= Énée et Lavinie (Collasse) =

Opera by Pascal Collasse

Énée et Lavinie (Aeneas and Lavinia) is an opera by the French composer Pascal Collasse, first performed at the Académie Royale de Musique (the Paris Opéra) on 7 November 1690. It takes the form of a tragédie lyrique in a prologue and five acts.

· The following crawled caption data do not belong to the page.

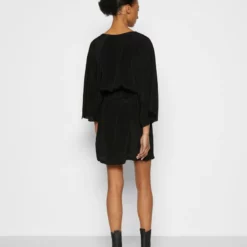 The Kooples ROBE KIMONO COURTEMODERN - Vestito Elegante - Black, Donna 12 The Kooples ROBE KIMONO COURTEMODERN - Vestito Elegante - Black, Donna -Vendite The Kooples d3b6f713d14d4dfca66799de9a43d029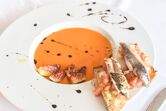 Chef Noélia prepara gaspacho e arroz de robalo do mar 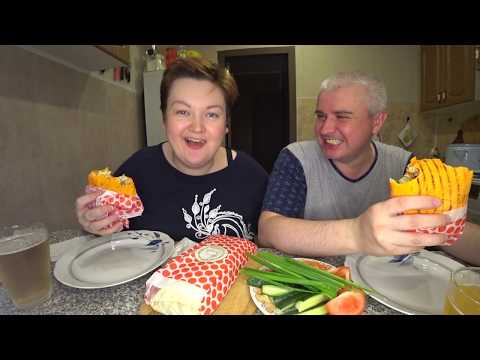 Видео: Мукбанг ЧЕЛЛЕНДЖ 😋 ЛОПНЕМ но съедим 3 ОГРОМНЫЕ VIP ШАУРМЫ и пиво? Фастфуд полезен!?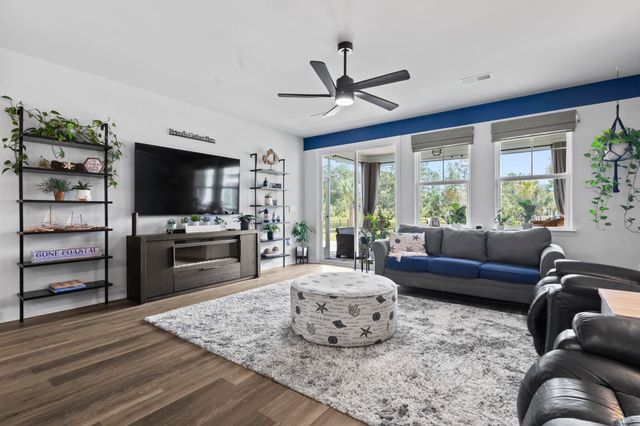 1017 Beechfield Ct., Conway, SC 29526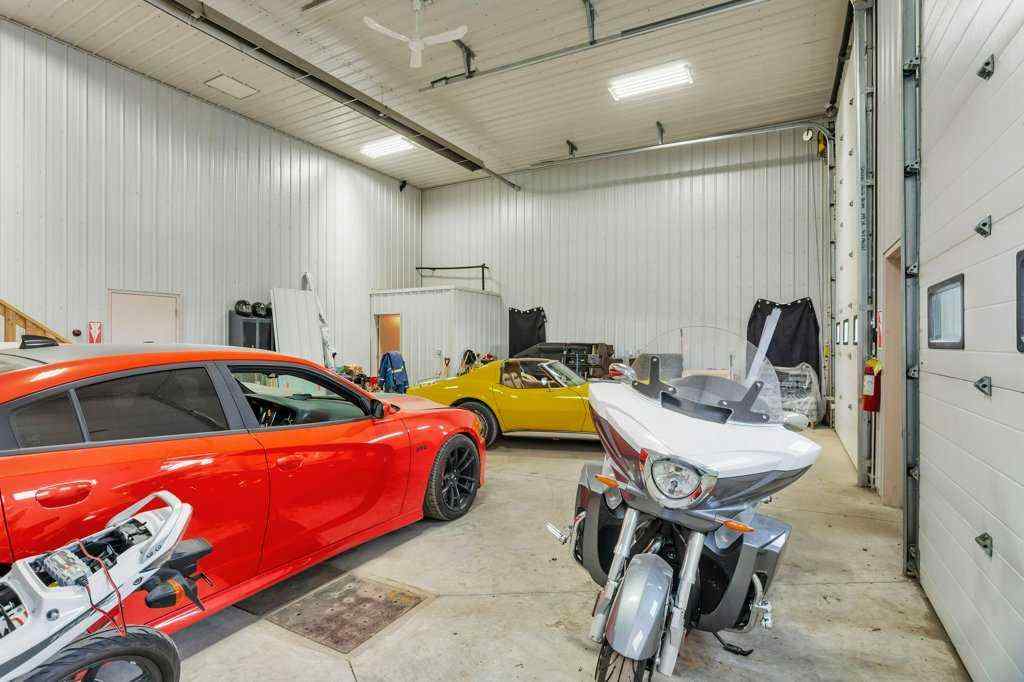 MLS® A2213081 - 4907 and 4911 50 Avenue   in NONE Eckville, Commercial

The libretto, by Bernard Le Bovier de Fontenelle, is based on the later books of Virgil's Aeneid. A new setting by the composer Antoine Dauvergne appeared in 1758.

==Roles==

| Cast | Voice type | Premiere |
|---|---|---|
| Vénus, (the goddess Venus) | soprano | Fanchon or Louison Moreau |
| Énée (Aeneas), a Trojan prince | haute-contre | Louis Gaulard Dumesny |
| Latinus, King of Latium | basse-taille (bass-baritone) | Jean Dun |
| Amate (Amata), his queen |  |  |
| Lavinie (Lavinia), their daughter | soprano | Marthe Le Rochois |
| Turnus, King of the Rutuli | basse-taille | Moreau |
| Ilionée |  |  |
| Camille |  |  |
| Junon (the goddess Juno) | soprano | Marie-Louise Desmatins |
| Iris |  |  |
| L'ombre de Didon (the ghost of Dido) |  |  |
| Le grand prêtre de Janus (the high priest of Janus) |  |  |

==Synopsis==
Aeneas, fleeing the destruction of Troy, has arrived in Latium in Italy. The King of Latium wants to marry his daughter Lavinia to Aeneas, but the Trojan has a rival in the local prince Turnus, who is favoured by the queen and the goddess Juno. Juno provokes Turnus to fight the Trojans. The king consults the oracle of his father, the god Faunus, who says that Lavinia must choose her husband for herself and then there will be peace. The ghost of Dido warns Lavinia not to trust her faithless lover Aeneas. The god Bacchus also inspires Lavinia with a hatred of the Trojans and she announces she will marry Turnus. Aeneas reproaches her for her choice and tells her he only abandoned Dido because the god Jupiter told him to. Lavinia admits she loathes Turnus and was only persuaded to marry him by a divine fury sent by Bacchus. Turnus arrives and Aeneas challenges him to single combat. Turnus accepts. The goddess Venus brings Aeneas special armour. Aeneas and Turnus fight (offstage) and Aeneas is victorious. Juno renounces her hatred for the Trojans and the opera ends with the wedding of Aeneas and Lavinia.